The comedy and the drama co-exist comfortably in the same universe, so that Hero’s horror at being humiliated by her beloved Claudio at their wedding ceremony is full of honest wounded feeling, but it doesn’t contradict the wonderful absurdity of police officers Dogberry (Nathan Fillion) and Verges (Tom Lenk) trying at all costs not to offend the local higher-ups.

The film isn’t averse to slapstick, either, with Beatrice and Benedick having extreme reactions to listening in on conversations about how their supposed enemy is in fact sick with love. Acker does something physical that’s especially brave and startling in one scene, so that we don’t know whether to laugh or yelp in alarm.

Acker also has a becoming toughness under Beatrice’s quippy exterior, so that when she snaps, “Dead, I think!” in a moment of crisis, we understand then and there that this character will not let the matter rest, as indeed she does not. Denisof gives Benedick a wariness so that we can easily imagine that his philosophy of dealing with the opposite sex is not an abstraction that Beatrice will cure, but rather something he’s developed specifically as a reaction to dealing with what he sees as rejection by Beatrice.

There’s a very playful quality to much of the film – this is a house party we’d like to join, what with its witty, attractive guests and handsome surroundings. The black and white cinematography by Jay Hunter adds to the timeless quality inherent in the production. We can see cell phones and cars and handguns while we’re hearing Shakespeare’s words, and it all looks just a little like the black-and-white European films of the Sixties, so that we’re in a wonderful somewhere where groups of friends really do move Heaven and Earth to make sure their nearest and dearest get what’s best for them. The love stories aren’t just between Benedick and Beatrice and Hero and Claudio, they’re between the male buddies and female confidantes who join forces to get the couples together.

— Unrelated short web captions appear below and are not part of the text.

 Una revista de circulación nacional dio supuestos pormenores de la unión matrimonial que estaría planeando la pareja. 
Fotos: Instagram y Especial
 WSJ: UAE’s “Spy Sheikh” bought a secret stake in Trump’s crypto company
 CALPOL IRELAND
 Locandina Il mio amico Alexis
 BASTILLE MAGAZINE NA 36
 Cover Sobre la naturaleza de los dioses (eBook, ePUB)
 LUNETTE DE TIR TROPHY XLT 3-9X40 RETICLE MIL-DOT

Kranz is deft at going back and forth between playing Claudio as amusingly naïve in romance and friendship and icily agonized when wounded. Morgese is eloquent and elegant as Hero, who here is a participant in her own rescue rather than the bystander of some productions. Maher seems suitably jaded as the implacably mean Don John and Riki Lindhome is fiercely rebellious as his pal/bedmate Conrade (the role is gender-switched from the original). Gregg exudes warmth and decency as Leonato.

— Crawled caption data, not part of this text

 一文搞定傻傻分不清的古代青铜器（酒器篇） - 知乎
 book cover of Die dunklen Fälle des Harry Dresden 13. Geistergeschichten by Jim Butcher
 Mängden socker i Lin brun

There’s an intriguing note of class consciousness in the scenes with Fillion’s Dogberry, who rather than being the foot of many productions is in a state of perpetual panic that he or his officers may somehow offend the folks who pay his salary. Fillion is delightfully wound up, while Lenk plays a suburban cop who aspires to urban world-weariness. Teaming up the two actors in these roles is one of the most inspired aspects of the production.

Whedon is often praised for his creation of original characters. Here he brings original interpretation and a lot of love to a familiar text. People who’ve never seen Shakespeare before can easily grasp the whos, whys and wherefore art thous of the story, and everyone, whether they know MUCH ADO ABOUT NOTHING backwards and forwards or are encountering it for the first time, should have a thoroughly enjoyable, immersive experience.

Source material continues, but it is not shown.